一般的には3rd,4thがピークとされてるのかな??この後71年、72年のラスト2枚はカーペンターズ的ポップになった印象。そこちゃんと聞いてないんだけど。
70年5th「...Sing for Very Important People」
ピーター、ポール&マリーの「Peter,Paul&Mammy」に影響を受けて作られたChildren's Album。子供に向けられた歌であるから僕に向けられた歌ではないにせよ、コンセプトがあるからアレンジに歯止めが効いているのか。んー…結構好き。ちなみに72年ラストアルバム「There is a Song」では〝Peter,Paul&Mary〟という曲を作っており、フリーデザインはピーター、ポール&マリーがお好きなよう。
2001年「Cosmic Peekaboo」
日本でのソフトロックブーム、小山田圭吾による発掘からの再評価を受けてか2001年に復活しアルバムをリリース。ロジャニコにせよ、素晴らしくも埋もれたバンドを復活させたのは同じ日本人として誇りに思う。あざす!
以上!図は…とりあえずポツンと置いときます。
The Cyrkle
サークル。僕は2nd「Neon」が好きでずっとサイケ/ソフトサイケのカテゴリに入れていたんだけど外部作曲者曲の多さや3rd「Minx」を考えるとソフトロックバンドと言えるか。

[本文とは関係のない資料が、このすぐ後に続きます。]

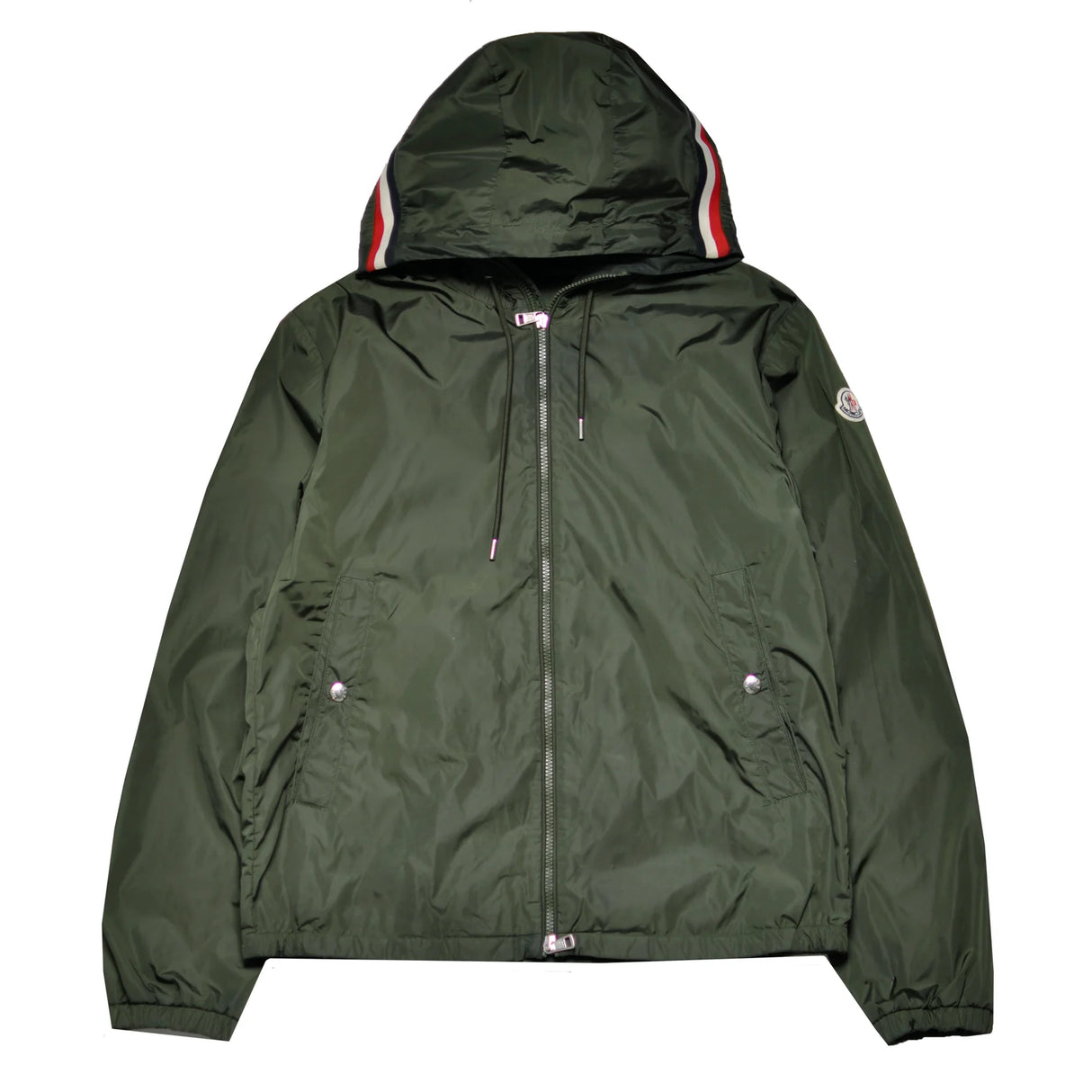 Moncler Grimpeurs Hooded Windbreaker / 4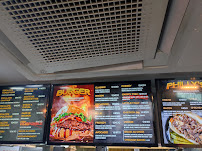 Restaurant de hamburgers Broadway Coffee à Villemomble - menu / carte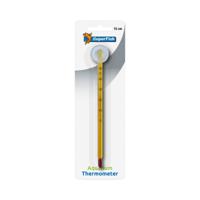 Superfish Aquarium Thermometer 15cm - Precisie meting voor Tropisch en Zeeaquarium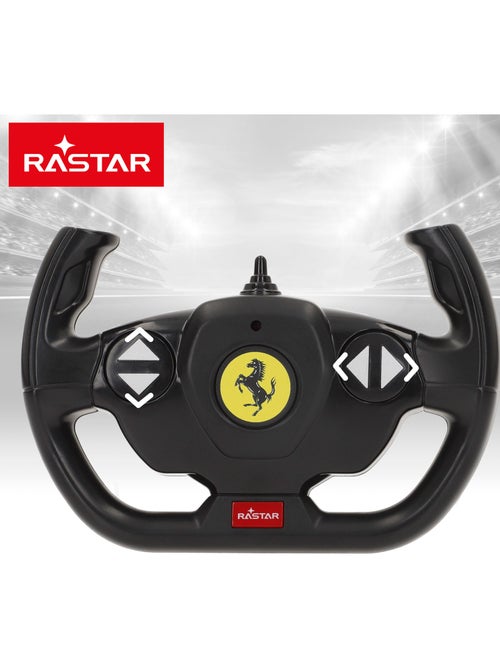 Rastar auto telecomandata ferrari purosangue con comandi 1:14 - Kiabi Rastar auto telecomandata ferrari purosangue con comandi 1:14 - Kiabi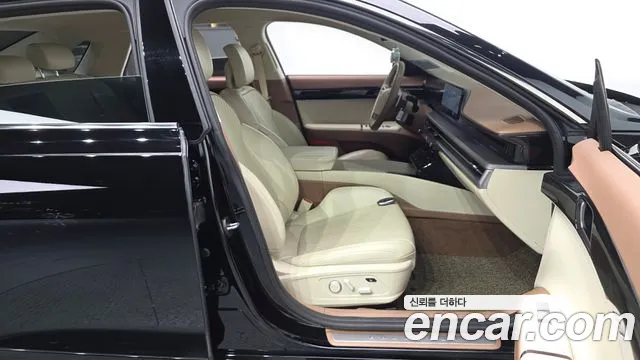 Hyundai Grandeur GN7 — Фото автомобиля 16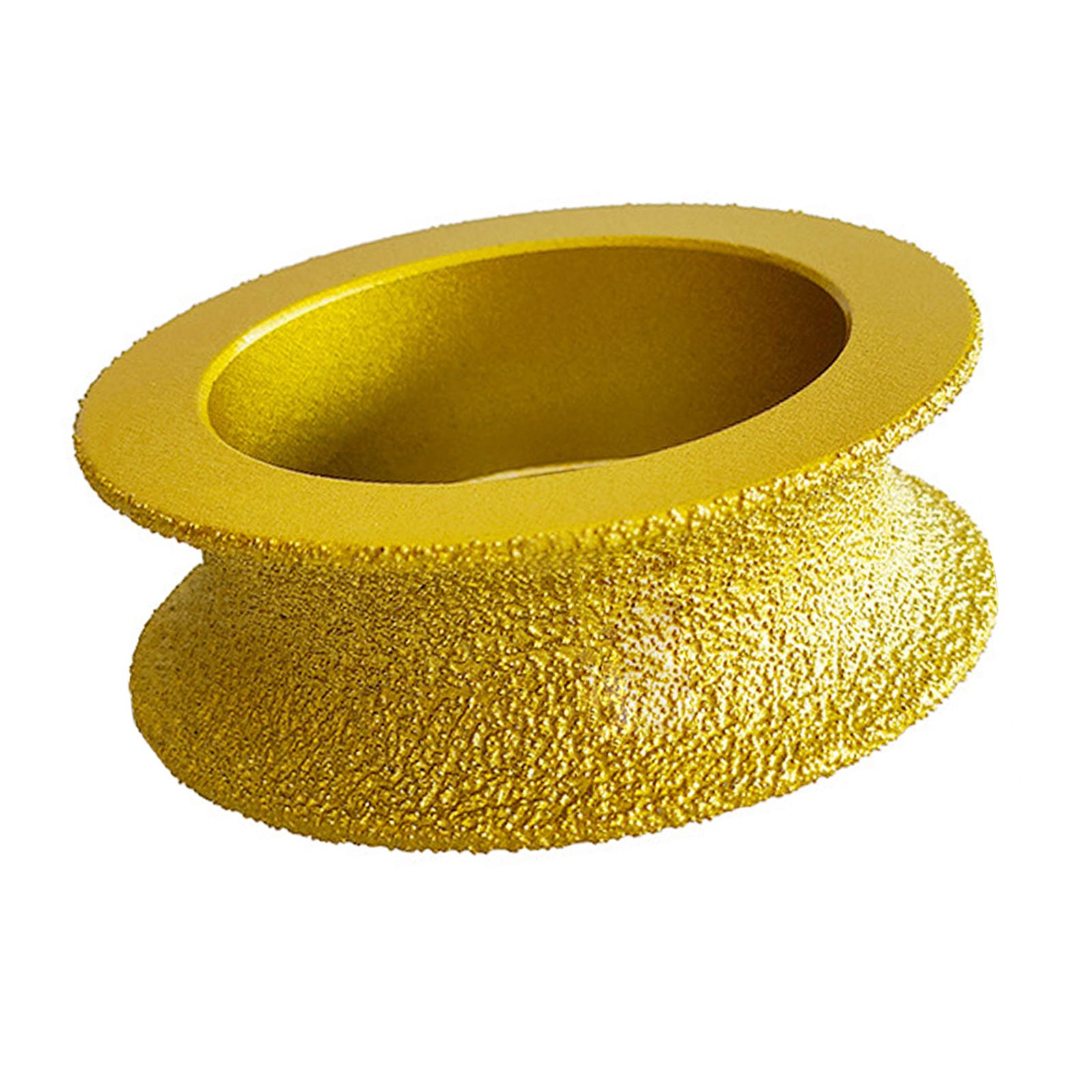 Ioensy - Accesorio De Muela Abrasiva De Hormigón Para Accesorios De Amoladora Angular, Mármol De Roca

サークルはトム・ダウズとドン・ダンネマンを中心としたバンド。元々はThe Rhondellsというバンドであったがビートルズのマネージャーであるブライアン・エプスタインに65年に見出されて名前をThe Cyrkleに改名。Cyrkleは【円】を意味する【Circle】を捩った名であるが、このyとkのなんとも読みにくい変なスペルを与えたのはジョン・レノンである。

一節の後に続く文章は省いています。